Mit der Familie Stützle und später Bösch ist der Adler seit etwa dem 18. Jahrhundert in Familienbesitz. Alexander Böschs Großvater führte bis 1954 noch die Adler-Brauerei, die Großmutter hatte nur Schwestern. Die „drei Schwestern vom Adler“seien den alteingesessenen Gaisbeurern heute noch bekannt, erzählt Bösch. Zwischen den Großeltern und den Eltern war der Adler jahrelang anderweitig verpachtet. Böschs Eltern kamen nach Stationen in der Gastronomie zum Familienbetrieb zurück, als Alexander Bösch sechs Jahre alt war. Seitdem sei in Gaisbeuren vieles anders, weiß der heute 38Jährige.
„Das Dorf verändert sich, den richtigen Stammtisch gibt es in dem Sinne nicht mehr. Als ich ein Kind war, kamen die alten Gaisbeurer nach der Kirche zum Frühschoppen noch in die Wirtschaft“, berichtet der Gastwirt. 1993 bauten die Eltern Josef und Marianne den Adler an der von der Bundesstraße abgewandten Seite zum Hotel aus. Von der langen Tradition des Hauses zeugen zahlreiche Erinnerungsstücke. Ob im Eingangsbereich eine Holzvitrine mit alten Brauereiutensilien, Porträtgemälde von den Ur-ur-urgroßeltern oder das handgeschriebene Kochbuch der Urgroßmutter: An vielen Ecken des Gasthauses wird die Historie aufgegriffen.
Ab auf den Hochsitz
Ein Nebenzimmer der Gaststube ist den Themen „Jagd“und „Wild“gewidmet, die im Adler ebenso vorherrschend sind. Das Jagen ist eine lange Familientradition, die auch der heutige Wirt als Ausgleich zu Stress und Hektik gerne fortführt. „Ich nutze die ruhige Zeit auf dem Hochsitz zum Runterkommen“, erzählt Bösch. Fast das ganze Jahr über gibt es im Adler Wildspeisen, ansonsten findet sich eine Mischung aus traditionellschwäbischen und auch extravaganteren Gerichten auf der Speisekarte. Im Sommer geht es mediterraner zu. Das letzte Wochenende im Monat steht immer unter dem Motto „Spezialitäten aus Urgroßmutters Kochbuch“. Die Aktionstage ziehen dann immer Liebhaber gekochter Innereien an.

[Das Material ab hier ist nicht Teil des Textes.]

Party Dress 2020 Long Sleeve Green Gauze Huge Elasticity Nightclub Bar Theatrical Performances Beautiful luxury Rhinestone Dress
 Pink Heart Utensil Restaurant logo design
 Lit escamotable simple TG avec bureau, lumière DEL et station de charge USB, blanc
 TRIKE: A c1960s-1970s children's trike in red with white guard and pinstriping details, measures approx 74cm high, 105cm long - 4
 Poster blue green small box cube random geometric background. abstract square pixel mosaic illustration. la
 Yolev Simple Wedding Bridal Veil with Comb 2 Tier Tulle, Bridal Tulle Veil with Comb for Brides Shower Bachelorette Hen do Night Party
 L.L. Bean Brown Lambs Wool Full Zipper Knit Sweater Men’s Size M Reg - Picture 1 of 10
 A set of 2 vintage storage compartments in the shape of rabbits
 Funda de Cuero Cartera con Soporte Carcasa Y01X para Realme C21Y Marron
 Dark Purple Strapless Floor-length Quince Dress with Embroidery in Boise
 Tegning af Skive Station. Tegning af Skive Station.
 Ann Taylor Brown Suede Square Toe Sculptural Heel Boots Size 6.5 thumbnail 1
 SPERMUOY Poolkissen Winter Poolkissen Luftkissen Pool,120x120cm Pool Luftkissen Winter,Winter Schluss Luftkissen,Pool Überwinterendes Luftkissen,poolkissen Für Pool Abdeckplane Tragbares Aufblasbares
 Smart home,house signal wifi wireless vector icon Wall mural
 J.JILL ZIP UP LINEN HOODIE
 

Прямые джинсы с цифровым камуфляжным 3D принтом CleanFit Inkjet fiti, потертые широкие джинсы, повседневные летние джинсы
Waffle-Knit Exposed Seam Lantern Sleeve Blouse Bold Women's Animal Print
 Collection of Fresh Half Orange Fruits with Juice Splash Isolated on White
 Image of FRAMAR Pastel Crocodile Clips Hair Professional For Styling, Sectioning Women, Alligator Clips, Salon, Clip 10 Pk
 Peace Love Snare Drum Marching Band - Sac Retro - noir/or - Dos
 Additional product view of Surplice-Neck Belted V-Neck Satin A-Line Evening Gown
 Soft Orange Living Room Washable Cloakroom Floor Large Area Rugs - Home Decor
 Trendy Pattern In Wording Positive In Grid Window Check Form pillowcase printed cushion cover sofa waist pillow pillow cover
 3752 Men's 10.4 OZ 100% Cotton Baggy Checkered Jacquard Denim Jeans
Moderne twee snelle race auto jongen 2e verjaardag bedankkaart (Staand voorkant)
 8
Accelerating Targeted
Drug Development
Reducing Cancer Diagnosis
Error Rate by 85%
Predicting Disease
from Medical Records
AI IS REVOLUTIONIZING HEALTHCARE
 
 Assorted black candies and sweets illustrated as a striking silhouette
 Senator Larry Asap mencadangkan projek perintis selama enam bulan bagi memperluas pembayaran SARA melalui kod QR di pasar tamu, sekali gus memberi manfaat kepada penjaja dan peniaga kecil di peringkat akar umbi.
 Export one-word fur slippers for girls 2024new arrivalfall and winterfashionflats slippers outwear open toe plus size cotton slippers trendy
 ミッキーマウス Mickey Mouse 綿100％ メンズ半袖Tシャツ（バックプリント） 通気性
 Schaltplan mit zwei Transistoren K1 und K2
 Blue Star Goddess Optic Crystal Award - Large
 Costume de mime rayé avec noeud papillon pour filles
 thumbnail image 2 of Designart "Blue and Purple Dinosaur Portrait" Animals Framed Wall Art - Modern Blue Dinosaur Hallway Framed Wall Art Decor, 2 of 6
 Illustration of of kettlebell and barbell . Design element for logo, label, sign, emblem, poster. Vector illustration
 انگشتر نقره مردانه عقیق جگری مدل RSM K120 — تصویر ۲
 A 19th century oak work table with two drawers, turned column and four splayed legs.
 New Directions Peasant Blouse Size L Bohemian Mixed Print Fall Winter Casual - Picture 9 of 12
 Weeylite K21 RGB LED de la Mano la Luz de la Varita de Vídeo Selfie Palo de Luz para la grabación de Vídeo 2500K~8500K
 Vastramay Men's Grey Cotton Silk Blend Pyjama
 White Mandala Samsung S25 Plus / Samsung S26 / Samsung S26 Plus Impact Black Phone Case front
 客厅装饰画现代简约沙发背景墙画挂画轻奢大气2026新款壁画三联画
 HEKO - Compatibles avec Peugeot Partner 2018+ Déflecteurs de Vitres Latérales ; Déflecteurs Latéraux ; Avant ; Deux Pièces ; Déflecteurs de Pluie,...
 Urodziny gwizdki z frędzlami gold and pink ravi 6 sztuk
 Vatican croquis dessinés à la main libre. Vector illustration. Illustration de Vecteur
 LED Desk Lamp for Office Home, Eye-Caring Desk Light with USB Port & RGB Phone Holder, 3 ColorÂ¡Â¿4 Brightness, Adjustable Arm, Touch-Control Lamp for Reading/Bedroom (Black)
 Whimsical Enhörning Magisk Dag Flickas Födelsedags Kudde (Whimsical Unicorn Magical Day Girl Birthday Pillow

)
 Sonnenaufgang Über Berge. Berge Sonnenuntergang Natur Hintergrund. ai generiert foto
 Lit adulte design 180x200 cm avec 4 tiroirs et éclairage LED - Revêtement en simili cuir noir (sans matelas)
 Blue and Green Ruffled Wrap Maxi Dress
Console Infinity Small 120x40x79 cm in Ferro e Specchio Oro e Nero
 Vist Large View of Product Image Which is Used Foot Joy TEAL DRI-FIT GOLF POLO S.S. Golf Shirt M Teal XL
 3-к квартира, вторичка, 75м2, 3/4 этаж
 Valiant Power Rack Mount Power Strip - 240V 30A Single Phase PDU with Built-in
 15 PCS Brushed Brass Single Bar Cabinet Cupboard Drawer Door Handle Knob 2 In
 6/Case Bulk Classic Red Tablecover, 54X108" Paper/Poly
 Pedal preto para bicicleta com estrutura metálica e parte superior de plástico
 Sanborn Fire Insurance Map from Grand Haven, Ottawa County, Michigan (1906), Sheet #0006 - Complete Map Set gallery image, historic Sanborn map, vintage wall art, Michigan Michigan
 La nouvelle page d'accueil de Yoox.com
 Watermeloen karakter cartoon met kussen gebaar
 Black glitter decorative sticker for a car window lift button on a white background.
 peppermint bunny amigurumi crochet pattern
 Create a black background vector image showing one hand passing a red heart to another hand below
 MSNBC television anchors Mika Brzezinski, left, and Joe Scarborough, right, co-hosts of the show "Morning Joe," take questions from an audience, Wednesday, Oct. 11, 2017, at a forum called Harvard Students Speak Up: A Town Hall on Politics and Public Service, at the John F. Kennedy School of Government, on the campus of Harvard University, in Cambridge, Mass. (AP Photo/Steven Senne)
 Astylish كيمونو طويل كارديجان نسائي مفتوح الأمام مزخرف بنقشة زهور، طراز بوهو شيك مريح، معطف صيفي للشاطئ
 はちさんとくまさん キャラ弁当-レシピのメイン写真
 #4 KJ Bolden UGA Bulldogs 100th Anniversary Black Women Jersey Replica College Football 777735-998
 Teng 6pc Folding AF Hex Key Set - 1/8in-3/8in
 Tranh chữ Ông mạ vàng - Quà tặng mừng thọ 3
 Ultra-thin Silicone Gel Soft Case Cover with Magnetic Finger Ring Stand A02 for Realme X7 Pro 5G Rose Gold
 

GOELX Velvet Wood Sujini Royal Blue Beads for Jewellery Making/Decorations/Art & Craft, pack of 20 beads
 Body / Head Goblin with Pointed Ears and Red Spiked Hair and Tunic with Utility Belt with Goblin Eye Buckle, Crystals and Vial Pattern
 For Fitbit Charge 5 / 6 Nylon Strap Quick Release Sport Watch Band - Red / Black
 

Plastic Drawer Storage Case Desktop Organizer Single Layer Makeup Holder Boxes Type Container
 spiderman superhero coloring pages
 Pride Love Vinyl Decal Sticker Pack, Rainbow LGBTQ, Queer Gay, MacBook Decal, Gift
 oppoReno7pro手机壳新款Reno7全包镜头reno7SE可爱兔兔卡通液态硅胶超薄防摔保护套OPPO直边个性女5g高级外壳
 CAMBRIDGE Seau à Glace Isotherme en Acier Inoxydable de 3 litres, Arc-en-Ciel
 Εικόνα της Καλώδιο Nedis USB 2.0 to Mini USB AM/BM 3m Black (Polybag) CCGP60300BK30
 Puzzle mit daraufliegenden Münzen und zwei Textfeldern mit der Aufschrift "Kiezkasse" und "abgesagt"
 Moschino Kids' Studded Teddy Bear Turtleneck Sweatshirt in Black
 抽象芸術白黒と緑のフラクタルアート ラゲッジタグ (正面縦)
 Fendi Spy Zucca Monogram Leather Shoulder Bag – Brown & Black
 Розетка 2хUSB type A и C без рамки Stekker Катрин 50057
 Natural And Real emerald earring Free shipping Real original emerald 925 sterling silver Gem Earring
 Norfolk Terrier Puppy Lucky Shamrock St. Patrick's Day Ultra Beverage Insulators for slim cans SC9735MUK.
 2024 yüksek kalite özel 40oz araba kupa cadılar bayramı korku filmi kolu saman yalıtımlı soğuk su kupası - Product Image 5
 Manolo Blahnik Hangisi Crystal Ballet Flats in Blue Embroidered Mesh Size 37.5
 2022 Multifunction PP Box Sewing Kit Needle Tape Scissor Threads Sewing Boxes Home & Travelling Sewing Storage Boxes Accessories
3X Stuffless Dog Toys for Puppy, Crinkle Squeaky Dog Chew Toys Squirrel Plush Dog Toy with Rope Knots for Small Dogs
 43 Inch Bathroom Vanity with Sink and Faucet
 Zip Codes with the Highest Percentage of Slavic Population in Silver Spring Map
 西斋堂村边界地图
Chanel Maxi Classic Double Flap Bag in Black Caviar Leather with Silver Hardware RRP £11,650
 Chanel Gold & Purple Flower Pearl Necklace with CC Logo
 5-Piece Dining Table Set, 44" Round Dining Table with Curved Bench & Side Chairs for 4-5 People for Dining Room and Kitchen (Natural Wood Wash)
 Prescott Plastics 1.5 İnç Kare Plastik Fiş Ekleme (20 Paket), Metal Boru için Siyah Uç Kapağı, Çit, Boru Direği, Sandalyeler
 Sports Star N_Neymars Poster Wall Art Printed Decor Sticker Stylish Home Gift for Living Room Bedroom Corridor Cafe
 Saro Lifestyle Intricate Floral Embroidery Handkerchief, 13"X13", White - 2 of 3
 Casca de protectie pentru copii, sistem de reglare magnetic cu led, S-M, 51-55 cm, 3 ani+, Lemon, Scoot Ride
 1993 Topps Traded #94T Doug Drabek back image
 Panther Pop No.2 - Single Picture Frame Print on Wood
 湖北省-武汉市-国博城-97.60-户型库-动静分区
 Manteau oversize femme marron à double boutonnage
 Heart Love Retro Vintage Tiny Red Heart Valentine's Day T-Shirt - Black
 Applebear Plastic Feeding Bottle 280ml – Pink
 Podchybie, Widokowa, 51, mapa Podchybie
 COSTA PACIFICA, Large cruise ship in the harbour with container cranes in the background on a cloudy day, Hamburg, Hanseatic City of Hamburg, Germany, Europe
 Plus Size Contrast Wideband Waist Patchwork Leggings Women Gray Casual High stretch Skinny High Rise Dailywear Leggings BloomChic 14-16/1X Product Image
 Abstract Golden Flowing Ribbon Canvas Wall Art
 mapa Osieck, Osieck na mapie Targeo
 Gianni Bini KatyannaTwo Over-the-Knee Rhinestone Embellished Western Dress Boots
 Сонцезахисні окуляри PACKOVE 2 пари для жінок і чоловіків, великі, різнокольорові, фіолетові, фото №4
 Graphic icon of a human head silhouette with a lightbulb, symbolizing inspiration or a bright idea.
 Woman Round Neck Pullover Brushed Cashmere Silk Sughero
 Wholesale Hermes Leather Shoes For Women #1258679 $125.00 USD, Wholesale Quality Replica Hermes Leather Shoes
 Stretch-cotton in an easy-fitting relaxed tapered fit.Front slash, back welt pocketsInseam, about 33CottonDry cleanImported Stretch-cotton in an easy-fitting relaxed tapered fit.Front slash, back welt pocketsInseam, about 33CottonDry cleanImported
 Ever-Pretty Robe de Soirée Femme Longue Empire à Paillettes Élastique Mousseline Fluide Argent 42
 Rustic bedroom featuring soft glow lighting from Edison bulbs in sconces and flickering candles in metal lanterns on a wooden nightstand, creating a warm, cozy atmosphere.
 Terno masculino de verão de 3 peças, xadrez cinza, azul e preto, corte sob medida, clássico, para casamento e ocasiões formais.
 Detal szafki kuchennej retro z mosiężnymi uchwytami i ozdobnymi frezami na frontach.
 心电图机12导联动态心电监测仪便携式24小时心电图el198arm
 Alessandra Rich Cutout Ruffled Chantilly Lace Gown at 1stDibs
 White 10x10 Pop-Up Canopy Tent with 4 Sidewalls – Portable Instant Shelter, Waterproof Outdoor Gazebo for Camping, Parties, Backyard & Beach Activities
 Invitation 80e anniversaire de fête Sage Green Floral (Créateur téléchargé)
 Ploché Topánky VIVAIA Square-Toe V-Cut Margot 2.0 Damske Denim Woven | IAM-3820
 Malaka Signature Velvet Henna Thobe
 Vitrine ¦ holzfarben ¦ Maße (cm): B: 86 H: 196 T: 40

Nach einer Kochlehre und einem Studium im Tourismusmanagement war der heutige Adler-Chef zuerst in der 5-Sterne-Hotellerie im In-und Ausland unterwegs, bevor er 2012 zurück nach Gaisbeuren kam. 2013 folgte dann die Übergabe des Adlers. Die Eltern helfen laut Alexander Bösch auch heute noch tatkräftig mit. Josef Bösch ist beispielsweise für die hauseigene Schnapsbrennerei zuständig. Im Vergleich zu seiner früheren Arbeit in Luxushotels sieht Bösch seinen Gästekreis in Gaisbeuren als entspannter an. „Ich sehe sehr viele Gäste und die Leute schätzen es schon, dass sie immer einen Ansprechpartner dahaben“, meint der Hotelchef. „Vom Hausmeister über Küche, Service oder Büro – ich springe da ein, wo es nötig ist“, sagt der Gastwirt und lacht. Obwohl er international Karriere hätte machen können, hat sich Bösch bewusst für das heimische Gasthaus in Gaisbeuren entschieden, wie er erklärt: „Zurück zu den Wurzeln anstatt rund um die Welt. Ich habe hier eine Basis, das ist mir lieber, als durch die Welt zu vagabundieren.“
Obwohl vor dem Haus viel Verkehr auf der B 30 herrscht, ist es im Adlergarten und auf der Terrasse hinter dem Gasthaus vergleichsweise ruhig. Große Bäume neben der Kirche spenden im Hochsommer angenehmen Schatten und nur große Lastwagen, die auf der Bundesstraße vorbeirauschen, sind herausstechend zu hören. Ob die B 30 Fluch oder Segen für den Adler ist? „Es hat beide Seiten. Einerseits leben wir von der Straße“, sagt der Chef des Hauses und meint damit die vielen Geschäftsleute, Urlauber und Ausflügler, die zum Übernachten oder zum Einkehren kommen. „Der Nachteil ist, dass es laut ist und der Verkehr wird immer mehr. Für den Ort ist es schon eine große Belastung“, weiß Bösch, der selbst in Gaisbeuren aufgewachsen ist. Über einen Umbau oder eine Umgehung der B 30 macht sich der Gastwirt aber noch keine Gedanken: „Ich glaube nicht an eine zeitnahe Lösung“, sagt der Wirt.